# Neocogniauxia monophylla



## tenman (Aug 10, 2019)

This mini is a twig epiphyte growing on a small piece of wood. It has grown some moss. The theory is that these like watered daily but to be dry at night. The 1 3/4" flowers are such an incredible saturated orange it is impossible for me to capture them adequately. The plant is about twice the size of the flowers, at less than 3" in 'height'. No fragrance I can detect.
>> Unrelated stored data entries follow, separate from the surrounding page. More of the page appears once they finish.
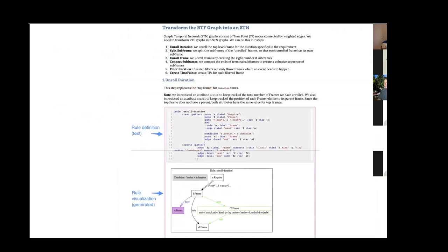The next part of the worksheet shows documentation about how to create a graph algorithm — six steps: unroll duration, split subframe, unroll frame, connect subframes, filter iteration, and create time points. The temporal conflict analysis is based on simple temporal networks (STN). There is a Simple Temporal Problem for time-scheduling conflict analysis, which is graph-based — essentially a Floyd-Marshall algorithm that tries to find negative distances in these STN graphs. If any are found, there is a temporal conflict, meaning fulfilling all prescriptions with all constraints is mission impossible.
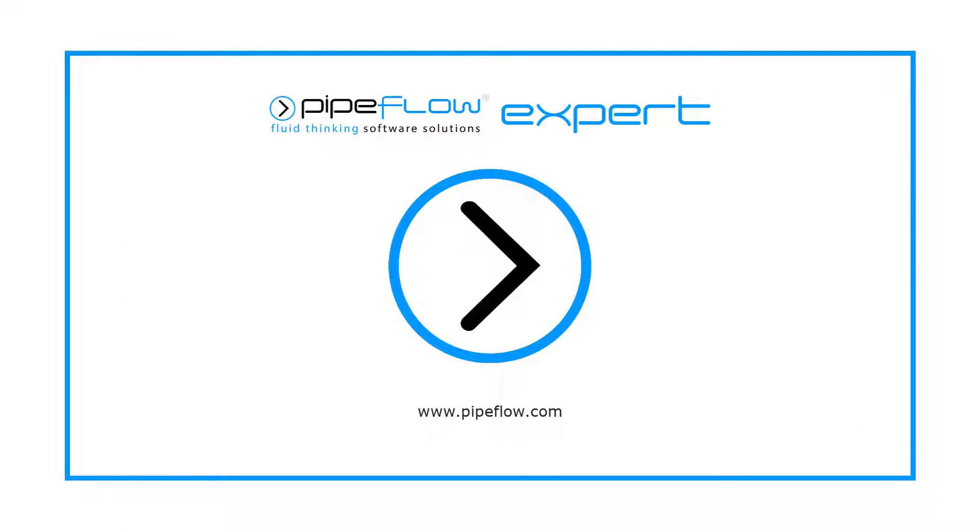Thanks again for watching this short tutorial video on pipes. Stay tuned for the next one where we will discuss valves and fittings.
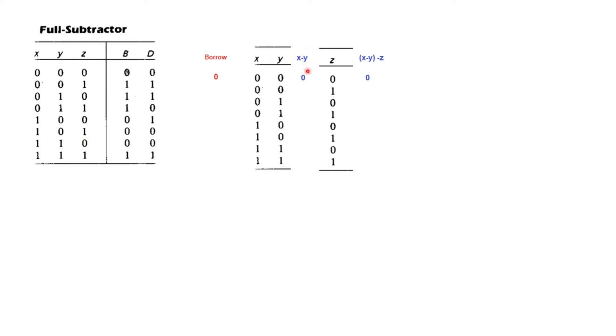So let's say in the first case, 0, 0, 0. So subtracting we get 0. And since this is 0, so the answer also, if you subtract this 0 or z from 0, then the answer will be 0. And there has been no borrow. So the borrow will also be 0.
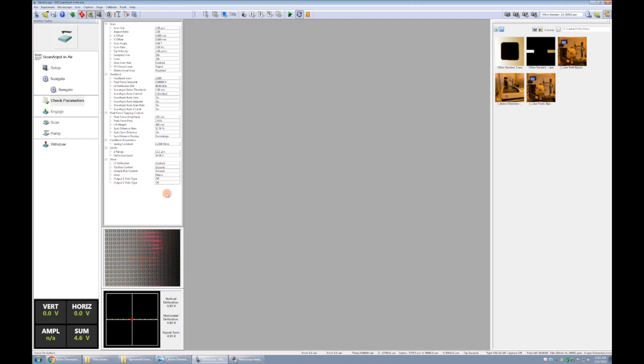With that we have covered all the main parameters and check parameters, and in the next video we will engage the sample and start scanning. See you then.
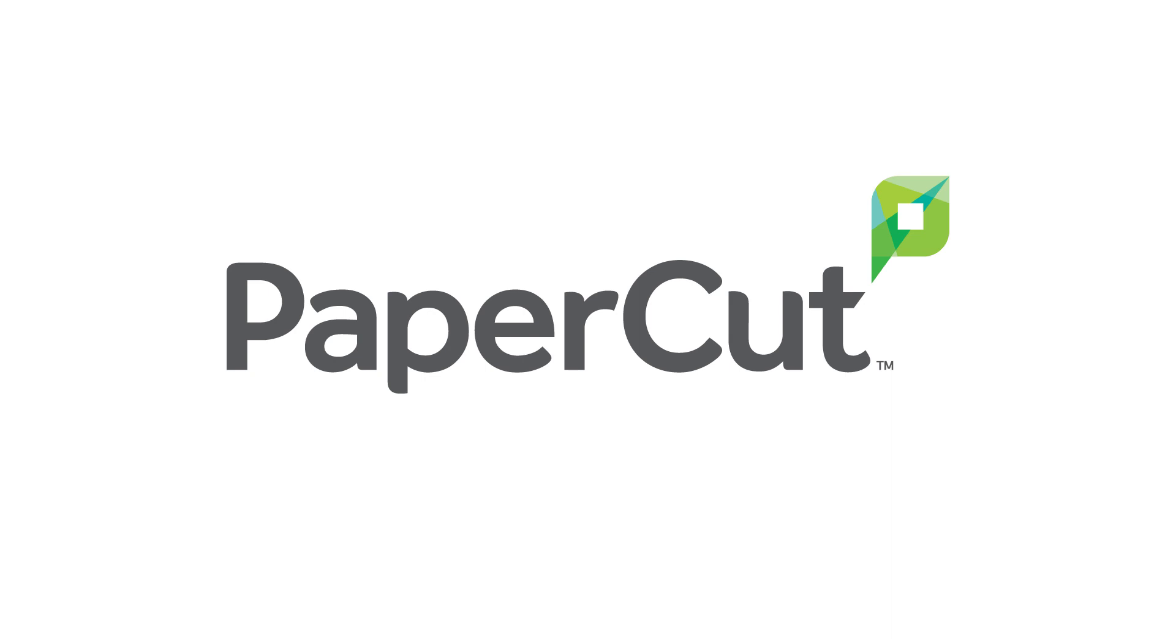Now you know how to quickly import and update shared accounts in PaperCut MF and NG. For more information, check out the manual page on this topic. The link for that is in the description below. Thanks for watching.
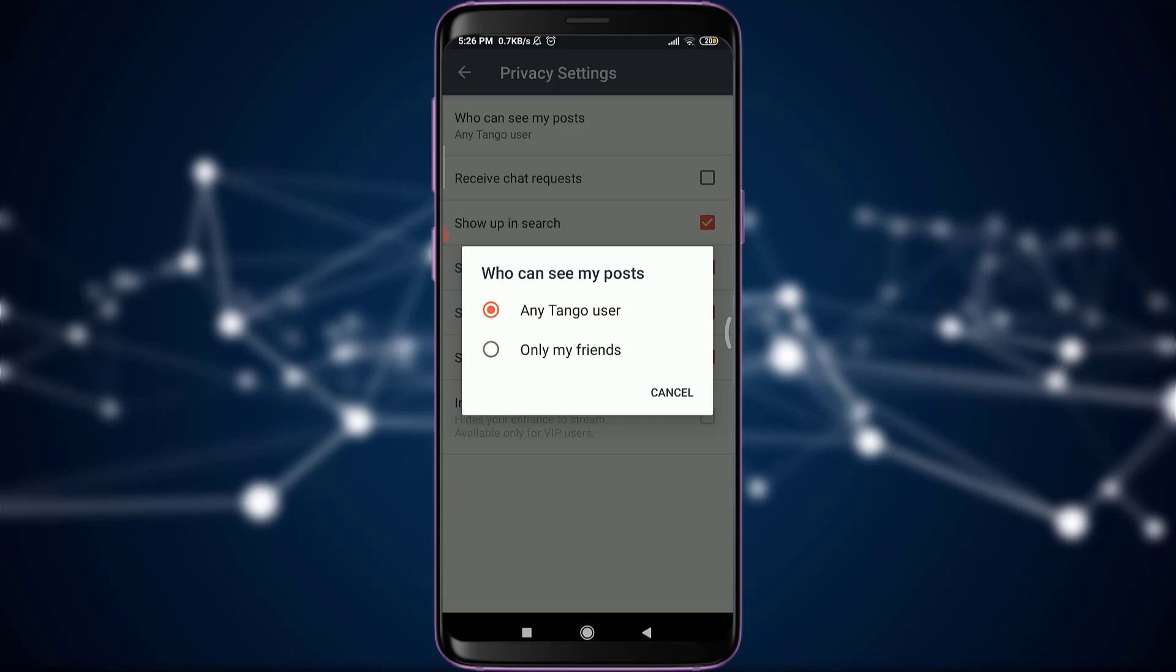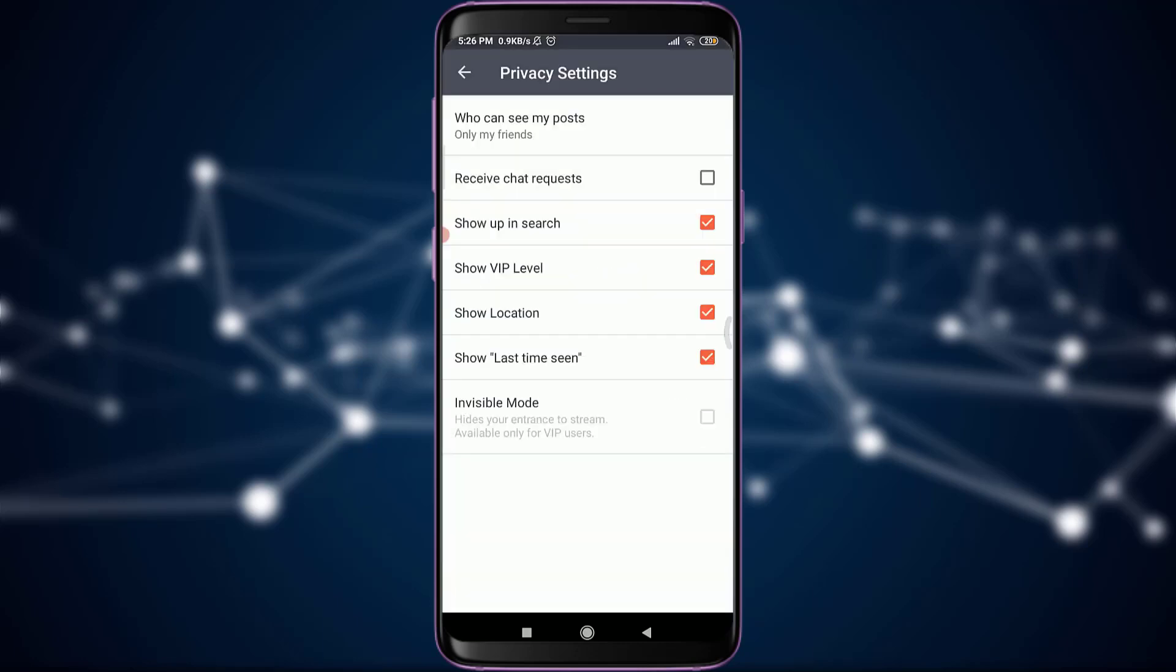All you have to do is tap on this 'only my friends' option. You can see that your profile has been changed from public to private, so your post can only be seen by your friends.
This is a cooler grower, sitting in front of the coolers during the summer months and gets a bit less than cattleya light.


----------



## Daniel Herrera (Aug 10, 2019)

Beautiful!


----------



## TrueNorth (Aug 10, 2019)

Nice one!


----------



## e-spice (Aug 10, 2019)

Very pretty.


----------



## abax (Aug 10, 2019)

Amazing color and a new one to me.


----------



## NYEric (Aug 15, 2019)

Nice, thanks for sharing.


----------



## Tom-DE (Aug 15, 2019)

Nice job! It is one of my very favorite species! I grew mine with a lot of air movement and much shadier than Cattleya, probably around 1200FC. It sent out multi growths every year.....


----------



## Guldal (Aug 16, 2019)

Gorgeous... and new to me. Thanks for sharing!


----------



## Ozpaph (Aug 18, 2019)

beautiful


----------



## likespaphs (Aug 24, 2019)

wow!


----------



## JeanLux (Sep 15, 2019)

Bravo, that's a Beauty !!!! Jean


----------